(Recorded data)

□ □ □ □ □

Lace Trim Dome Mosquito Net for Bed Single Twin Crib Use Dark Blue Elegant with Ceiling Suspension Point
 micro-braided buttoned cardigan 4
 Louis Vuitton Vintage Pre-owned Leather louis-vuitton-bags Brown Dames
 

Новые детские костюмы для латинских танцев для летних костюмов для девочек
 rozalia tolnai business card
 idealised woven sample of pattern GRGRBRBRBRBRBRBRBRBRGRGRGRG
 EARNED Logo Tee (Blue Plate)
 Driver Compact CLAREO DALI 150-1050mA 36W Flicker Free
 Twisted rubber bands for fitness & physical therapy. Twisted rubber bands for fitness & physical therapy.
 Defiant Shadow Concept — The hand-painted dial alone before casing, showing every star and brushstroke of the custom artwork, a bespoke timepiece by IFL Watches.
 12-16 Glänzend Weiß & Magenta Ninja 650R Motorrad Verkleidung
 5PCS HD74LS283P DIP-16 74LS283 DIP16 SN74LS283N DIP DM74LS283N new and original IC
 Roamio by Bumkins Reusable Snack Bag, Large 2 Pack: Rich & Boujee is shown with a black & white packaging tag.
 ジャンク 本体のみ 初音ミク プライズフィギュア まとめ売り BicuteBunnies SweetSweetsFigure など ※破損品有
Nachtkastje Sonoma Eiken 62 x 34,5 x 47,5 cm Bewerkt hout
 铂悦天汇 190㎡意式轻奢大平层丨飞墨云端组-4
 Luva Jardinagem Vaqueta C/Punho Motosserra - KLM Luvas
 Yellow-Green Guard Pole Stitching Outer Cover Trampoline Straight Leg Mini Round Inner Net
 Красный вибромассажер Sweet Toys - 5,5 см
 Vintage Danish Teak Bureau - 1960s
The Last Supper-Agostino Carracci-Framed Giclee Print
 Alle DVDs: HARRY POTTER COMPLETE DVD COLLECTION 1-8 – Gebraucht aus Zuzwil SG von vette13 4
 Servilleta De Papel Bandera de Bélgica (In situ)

□ □ □ □ □

The task — Copy out the records above without altering anything.

Output —
Lace Trim Dome Mosquito Net for Bed Single Twin Crib Use Dark Blue Elegant with Ceiling Suspension Point
 micro-braided buttoned cardigan 4
 Louis Vuitton Vintage Pre-owned Leather louis-vuitton-bags Brown Dames
 

Новые детские костюмы для латинских танцев для летних костюмов для девочек
 rozalia tolnai business card
 idealised woven sample of pattern GRGRBRBRBRBRBRBRBRBRGRGRGRG
 EARNED Logo Tee (Blue Plate)
 Driver Compact CLAREO DALI 150-1050mA 36W Flicker Free
 Twisted rubber bands for fitness & physical therapy. Twisted rubber bands for fitness & physical therapy.
 Defiant Shadow Concept — The hand-painted dial alone before casing, showing every star and brushstroke of the custom artwork, a bespoke timepiece by IFL Watches.
 12-16 Glänzend Weiß & Magenta Ninja 650R Motorrad Verkleidung
 5PCS HD74LS283P DIP-16 74LS283 DIP16 SN74LS283N DIP DM74LS283N new and original IC
 Roamio by Bumkins Reusable Snack Bag, Large 2 Pack: Rich & Boujee is shown with a black & white packaging tag.
 ジャンク 本体のみ 初音ミク プライズフィギュア まとめ売り BicuteBunnies SweetSweetsFigure など ※破損品有
Nachtkastje Sonoma Eiken 62 x 34,5 x 47,5 cm Bewerkt hout
 铂悦天汇 190㎡意式轻奢大平层丨飞墨云端组-4
 Luva Jardinagem Vaqueta C/Punho Motosserra - KLM Luvas
 Yellow-Green Guard Pole Stitching Outer Cover Trampoline Straight Leg Mini Round Inner Net
 Красный вибромассажер Sweet Toys - 5,5 см
 Vintage Danish Teak Bureau - 1960s
The Last Supper-Agostino Carracci-Framed Giclee Print
 Alle DVDs: HARRY POTTER COMPLETE DVD COLLECTION 1-8 – Gebraucht aus Zuzwil SG von vette13 4
 Servilleta De Papel Bandera de Bélgica (In situ)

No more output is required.